General Guidance for All Tasks¶

• Always validate against the brute-force oracle first. Every counting/longest task above ships with (or references) a slow center-expansion oracle. Run it on small n, diff, and only then trust Manacher on large n.
• Cap the mirror copy. The single most important line is p[i] = min(r - i, p[2*c - i]). Dropping the cap passes many random tests but fails on overlapping palindromes.
• Pin the recovery formula. Original start = (center - radius) / 2, length = radius. Verify it on "abba" in a test.
• Get s == "" right. The transform of the empty string is "#"; p = [0]; the longest palindrome is "".
• Mind overflow. The all-occurrence count is Θ(n²) in magnitude — accumulate in 64-bit.
• Handle Unicode when the input is not guaranteed ASCII: run over code points, not bytes (Task 11).
• Never use Manacher for distinct counts or subsequence palindromes. Distinct → eertree (sibling 14); subsequence → a separate O(n²) DP.
• Reuse the core scan. Most bugs live in the radius computation; write it once, test it hard, and read p[] for every downstream query.
• Update the box every iteration. After the expansion loop, if i + p[i] > r: c, r = i, i + p[i]. Forgetting this leaves a stale box that corrupts later mirror copies.
• Use sentinels in production code. Wrapping t with ^ … $ removes the inner-loop bounds checks and a class of off-by-one bugs.

The Core Scan Reference (all three languages)¶

Every task above builds on the same radius-array computation.
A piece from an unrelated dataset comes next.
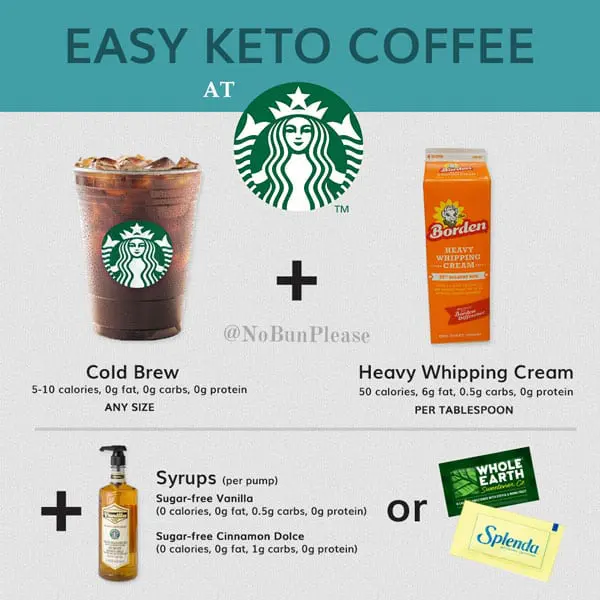 Low Carb Options At Starbucks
Keep this reference handy and parameterize the rest.

Python.

def manacher(s):
    t = "#" + "#".join(s) + "#"
    n = len(t)
    p = [0] * n
    c = r = 0
    for i in range(n):
        if i < r:
            p[i] = min(r - i, p[2 * c - i])
        while (i - p[i] - 1 >= 0 and i + p[i] + 1 < n
               and t[i - p[i] - 1] == t[i + p[i] + 1]):
            p[i] += 1
        if i + p[i] > r:
            c, r = i, i + p[i]
    return p, t

Go.

func manacher(s string) []int {
    t := "#"
    for i := 0; i < len(s); i++ {
        t += string(s[i]) + "#"
    }
    n := len(t)
    p := make([]int, n)
    c, r := 0, 0
    for i := 0; i < n; i++ {
        if i < r {
            if m := 2*c - i; r-i < p[m] {
                p[i] = r - i
            } else {
                p[i] = p[m]
            }
        }
        for i-p[i]-1 >= 0 && i+p[i]+1 < n && t[i-p[i]-1] == t[i+p[i]+1] {
            p[i]++
        }
        if i+p[i] > r {
            c, r = i, i+p[i]
        }
    }
    return p
}

Java.

static int[] manacher(String s) {
    StringBuilder b = new StringBuilder("#");
    for (int i = 0; i < s.length(); i++) b.append(s.charAt(i)).append('#');
    char[] t = b.toString().toCharArray();
    int n = t.length;
    int[] p = new int[n];
    int c = 0, r = 0;
    for (int i = 0; i < n; i++) {
        if (i < r) p[i] = Math.min(r - i, p[2 * c - i]);
        while (i - p[i] - 1 >= 0 && i + p[i] + 1 < n
                && t[i - p[i] - 1] == t[i + p[i] + 1]) p[i]++;
        if (i + p[i] > r) { c = i; r = i + p[i]; }
    }
    return p;
}

Each task must be implemented and tested in Go, Java, and Python, with identical outputs across all three on the same seeded inputs.